Motivation: The main aim of this investigation is to find curves that parallel-transport tangent vectors. The following diagram should make this idea clearer:
Image source: https://upload.wikimedia.org/wikipedia/commons/6/6d/Parallel_transport.png
If one starts from point A on the equator of a sphere and moves to the North pole, the tangent vector along the curve will look like the one shown in the figure, perpendicular to the equatorial line. Continuing this path from the North pole, if one wishes to reach a different point B on the equator, the vector field described will have undergone a 90 degrees rotation, so the vector points along the equatorial line.
This can be easily visualised as walking to the North pole from A with your arm outstretched forward (representing the tangent vector), which is perpendicular to the equator. Once you reach, you need to go to point B, so your body rotates, but your arm is fixed because of parallel transport, so you’re now walking with your arm outstretched to the left. Once you reach point B, you realise that your arm is along the equatorial line. Therefore parallel transport isn’t preserved because of the curvature of the sphere.
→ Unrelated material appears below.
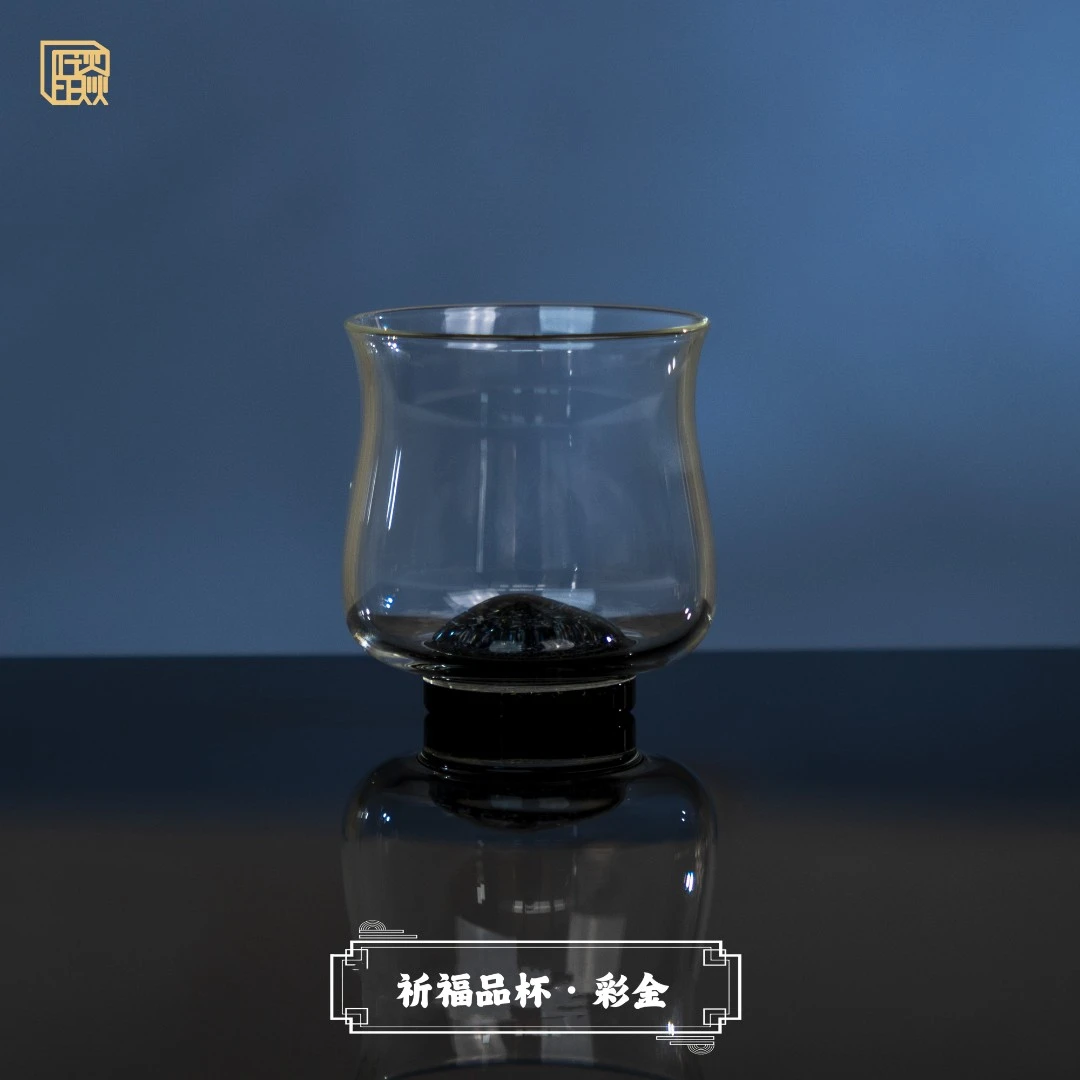 祈福品杯·彩金50ml手工高硼硅耐热玻璃描金水墨炫彩客人杯主人杯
Since this is a property that directly results from the intrinsic curvature of the sphere, one can deduce that there is no definition of globally parallel vector fields.
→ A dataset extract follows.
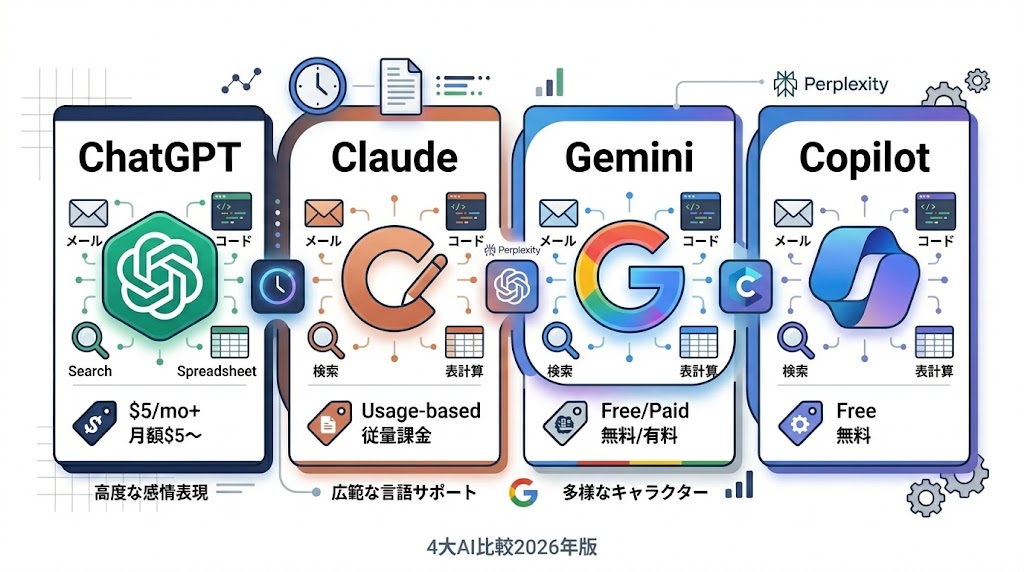 ChatGPT・Claude・Gemini・Copilot 4大AI比較2026年版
A geodesic can be thought of as a curve which parallel transports its own tangent vector. Another way of saying this is that it’s the curve of shortest distance between two points in a given space of any curvature, implying local parallel transport. In the case of a sphere, a geodesic lies on a great circle, defined as the circle on the surface of a sphere which lies in a plane passing through the sphere’s centre.
In relativity, the definition of distance (or interval between points) is a little different as compared to Euclidean geometry. Since we deal with space-time rather than space, the metric of space-time (called Minkowski space-time) must be used, as described below (in one convention):
$$ (\Delta s)^2 = -(c\Delta t)^2 + (\Delta x)^2 + (\Delta y)^2 + (\Delta z)^2 $$
There is a large historical development for this formulation with plenty of literature available. The foundation lies in Maxwell’s equations and Einstein’s postulates of special relativity. There is a more general formulation for calculating magnitudes over arbitrary metrics by using the dot product:
$$ \vec{U}\cdot\vec{V} = g_{\alpha\beta}U^{\alpha}V^{\beta} = g_{00}U^{0}V^{0} + g_{10}U^{1}V^{0} + g_{01}U^{0}V^{1} + …$$
With summations over the set of values that the repeated indices $\alpha$ and $\beta$ take and $ g_{\alpha\beta}(\vec x)$ is the metric tensor defined by the space under evaluation. In the case of special relativity, the metric tensor is represented as the matrix $ g_{\alpha\beta} = \mathrm{diag}(-1,1,1,1) $ in one convention, a flat space-time.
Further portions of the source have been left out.